[Tribune] Mon intime conviction sur l’autosuffisance alimentaire – Par Mouhamed Diop
Après avoir été abandonné à la suite de l’échec du plan de Lagos dans les années 1980, le concept de l’autosuffisance alimentaire est remis au goût du jour sous nos tropiques particulièrement au Sénégal car permettant de lutter efficacement contre la pauvreté, de créer une chaîne de valeur ajoutée, de réduire considérablement les importations en riz estimées à 114 milliards de francs CFA d’après Le Plan Sénégal Émergent (PSE) soit 10% de la balance commerciale, de se prémunir contre les aléas du marché international marqués par des incertitudes et de répondre significativement au croît démographique estimé à 2,5% par an.
Cette nouvelle orientation du gouvernement et des autorités est clairement formulée d’abord dans le DSRP 2 ( document stratégique de réduction de la pauvreté), dans la SCA ( stratégie de la croissance accélérée), dans la LOASP ( loi d’orientation agro-sylvo-pastorale , dans le PRACAS ( programme de relance et d’accélération de la cadence de l’agriculture sénégalaise), dans le PRODAC ( programme des domaines agricoles communautaires) et dans d’autres plans et programmes qui se sont succédé depuis une vingtaine d’années en faisant de l’autosuffisance alimentaire une préoccupation majeure et en déployant une grande offensive agricole afin d’atténuer les effets pervers des importations et passer par ricochet d’une agriculture de subsistance à une agriculture commerciale.
Aujourd’hui si cette revendication ambitieuse reste légitime et possible pour assurer une autosuffisance et une sécurité alimentaires, force est de constater que nous devons éviter les erreurs commises dans le passé.
D’emblée, il est important de magnifier l’augmentation du budget consacré à l’agriculture estimée actuellement à 171milliards.
C’est pourquoi d’ailleurs nous prévenons très sincèrement qu’une gestion trop dirigiste et nationaliste de l’agriculture sénégalaise par une bureaucratie en déphasage et très éloignée des réalités du terrain et dépassée par les nouvelles techniques agricoles peut avoir des conséquences néfastes.
C’est la principale raison pour laquelle le plan d’action de Lagos ( PAL) qui s’était inspiré des travaux d’économistes et d’experts avec un objectif d’imposer un nouvel ordre économique international a connu malheureusement dans la quasi-totalité des pays d’Afrique un cuisant échec.
En légitimant un certain dirigisme étatique, la stratégie de l’autosuffisance alimentaire a provoqué une déconvenue notamment l’exemple de la Gambie sous l’ère du dictateur Yaya Diamé qui avait entraîné son pays dans une politique obscurantiste en interdisant l’importation des denrées alimentaires de première nécessité.

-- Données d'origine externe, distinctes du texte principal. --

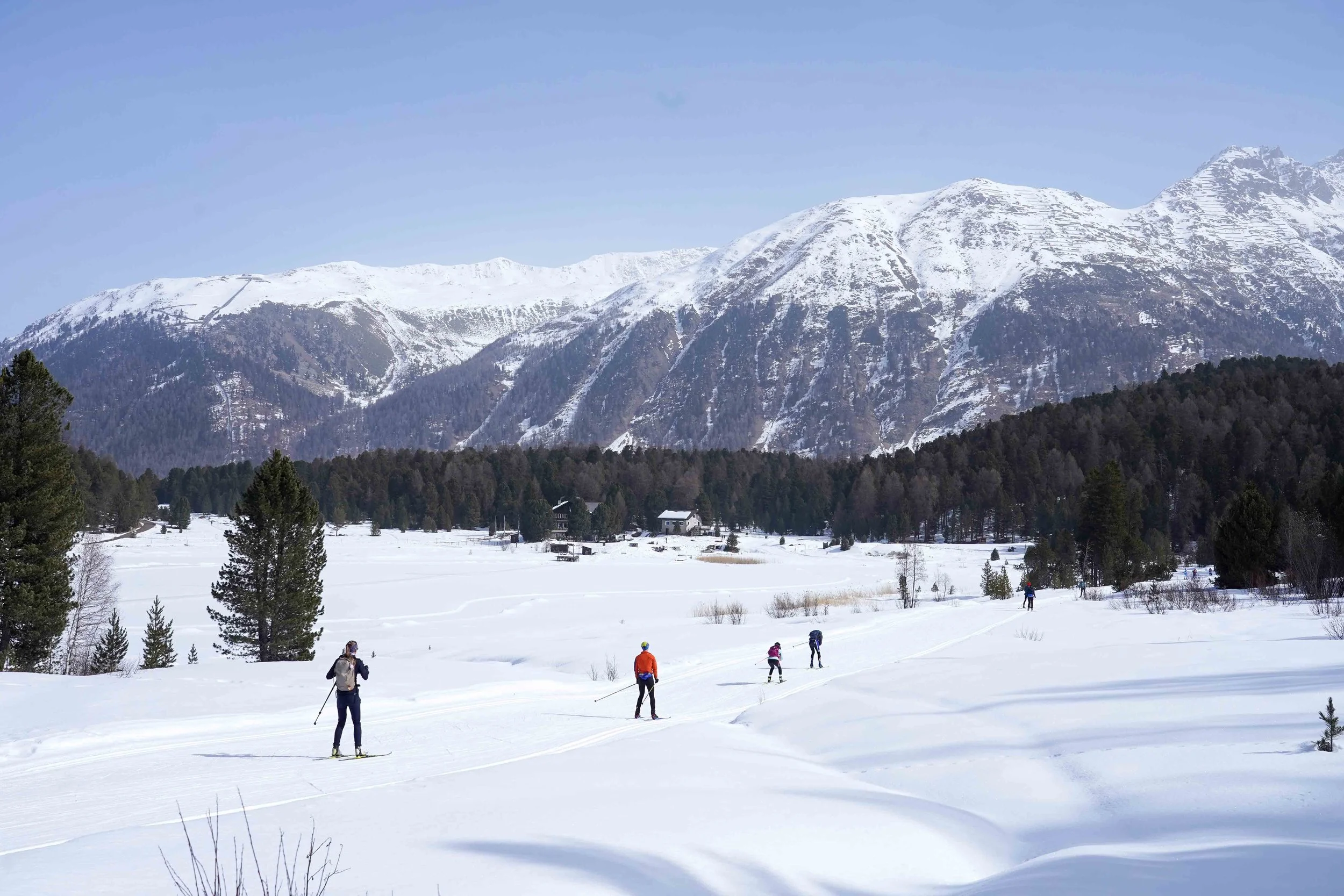 2026 Lumi Seefeld & Engadin Trip Fri-69.jpg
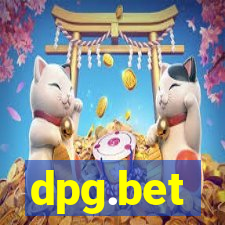 dpg.bet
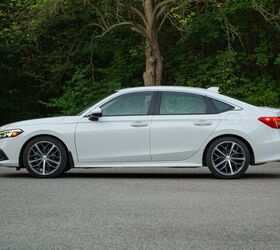 honda civic ex vs touring which trim is right for you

Cette mesure populiste avait prolongé la Gambie dans une spirale déflationniste.
Par ailleurs, la Zimbabwe sous la présidence de Robert Mugabe qui, au nom de la souveraineté alimentaire avait chassé les fermiers britanniques plongeant le pays dans une récession économique hors du commun.
C’est pourquoi au Sénégal même s’il faut saluer les avancées significatives dans la politique de l’autosuffisance alimentaire prévue en 2017, il n’en demeure pas moins qu’il reste beaucoup d’efforts à faire pour pallier les insuffisances de cette contre-performance.
Voilà pourquoi nous suggérons à l’avenir qu’un budget conséquent soit alloué dans la production, la diversification et la valorisation des produits agricoles pour asseoir une avancée significative et réelle dans l’agriculture sénégalaise.
C’est parce que certains pays comme les États-Unis, le Canada et le Brésil ont fait des prouesses techniques en matière agricoles en faisant des investissements dans la recherche, l’accompagnement et l’appui-conseil, voilà pourquoi ils ont réussi à atteindre non seulement l’autosuffisance et la sécurité alimentaires, mais également à faire des exportations partout dans le monde confirmant ainsi leur place de leader.